カスピ海ヨーグルトとはコーカサス地方のグルジア(現ジョージア)で食べられている自家製ヨーグルトのことで、日本に持ち帰られたこのヨーグルトから「クレモリス菌FC株」を分離・純粋培養して「カスピ海ヨーグルト」の手作り用種菌を開発し、日本に広めたのがフジッコなんですって。クレモリス菌FC株は、乳製品に含まれる乳酸球菌の中では、唯一生きて大腸まで届くことが明らかにされたプロバイオティクス乳酸菌で、便秘予防と解消、免疫力強化、肌荒れ改善、アトピー性皮膚炎の改善、血糖値の上昇抑制、コレステロール値の低下作用が期待されるとか。
種菌が2包入って1,000円。1包で牛乳500ml分のカスピ海ヨーグルトができます。ちょっとお高い気もするけれど、2回目からはできたヨーグルトを種菌として1か月間、長くてワンシーズン作り継いでいくことができるから、すぐに元は取れるってことで。ありがたいことにカスピ海ヨーグルトは20~30℃で発酵するので、ヨーグルトメーカーがなくても、適当な容器さえあれば室温でつくることができます。ただし、容器やスプーンを熱湯消毒し、雑菌の混入を避けることが必要。
とりあえず(いつまで続くか分からないので)ダイソーで大きめのガラス容器を2つ購入し、ヨーグルト作り開始。

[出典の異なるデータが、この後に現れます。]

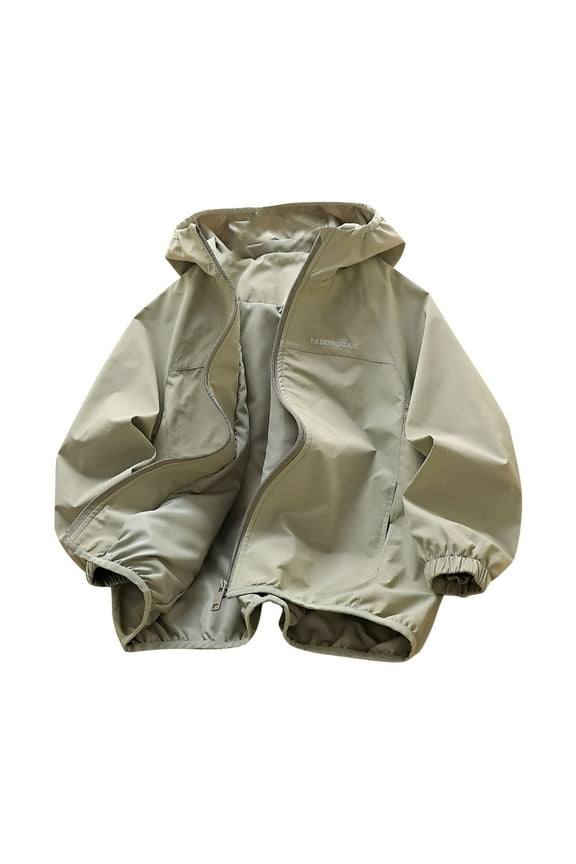 Boys Girls Rain Jackets Long Sleeve Lightweight Waterproof Hiking Hooded Full Zip fleece Raincoats Waterproof Windbreakers for Kids 4-17 Years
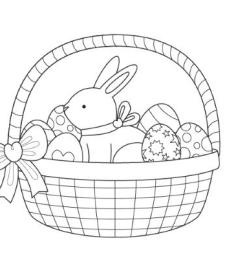 Cesta de Pascua: dibujo para colorear e imprimir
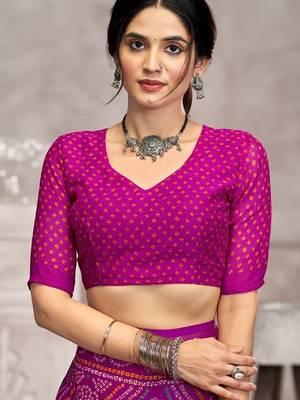 Magenta bandhani printed chiffon saree with unstitched blouse, ethnic indian attire 4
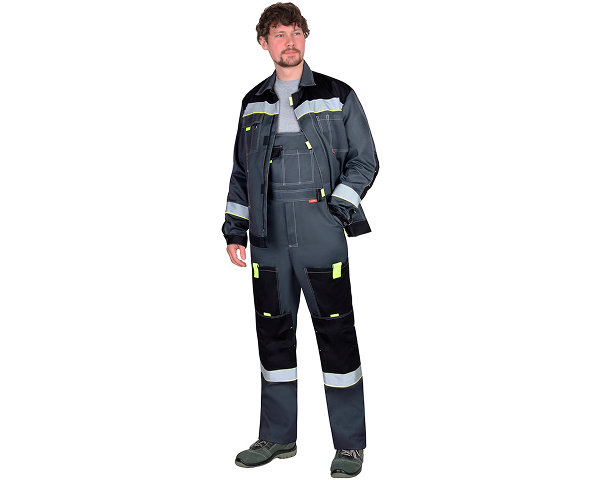 Костюм "ФАВОРИТ" летний: куртка, п/к.т,серый с черным с лимон. кантом и СОП 50мм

最初の種菌でつくる際には出来上がりまで24時間以上かかるそうで、その間牛乳を常温で置いておくことに多少抵抗がありましたが、次の日、しっかりと固まっているのを確認しただけで「おぉ、菌が生きてるー!!」と感動。
まずは次回のための種ヨーグルトを熱湯消毒した容器に取り分けて保存し、いよいよ実食。トロトロと伸びる独特の粘りがカスピ海ヨーグルトの特徴。酸味は少なめかな?という程度で、ビックリするほど美味しくもなく不味くもなく、味はまぁマイルドなヨーグルトって感じ。でも酸味が少ないから、これなら甘みを足さずそのままでもイケます。
2回目からは800ml弱の牛乳に大さじ5杯ほどの種ヨーグルトの割合でつくっています(ガラス容器の容量が900mlなので)。ヨーグルトを種にする場合は、8時間ほどで出来上がるので、夜寝る前に仕込み、朝起きたら冷蔵庫に入れる、という流れ。大げさだけど、(ちゃんとできてるかな~?)なんて、朝起きるのがちょっと楽しみになったりして。
三日坊主で終わるかもしれないから、と思いながら始めたヨーグルト作りですが、意外や意外、これを続けるのは全然苦じゃないかも。今のところ順調に、つくっては食べ、またつくり、を繰り返しています。何となく自給自足みたいな充実感があるから(ちがうけど)楽しいのか、もしかしたら子どももおらず、ペットも飼えない環境にあって、自分の中で行き場を失くした“育てたい欲”みたいなものを、ヨーグルトでうまく代替してるのから楽しいのか(育てるといってもかき混ぜるだけで、相手は勝手に発酵してるだけなんですけどね)。何と言うのか、菌がちゃんと応えてくれてるのがうれしいというか。
まぁ、ヨーグルトがカワイイなんて人に言ったらキモチ悪がられることは目に見えているので絶対に言わないし、間違っても「身体にいいから、あなたにも分けてあげるわよ」なんて人に押し付けたりはしないですけど。でもついうっかり熱弁を振るってしまいたくなるくらい、カスピ海ヨーグルトにハマっています。あー、今になってつくづく分かるわー、あの時のおばちゃんの気持ち。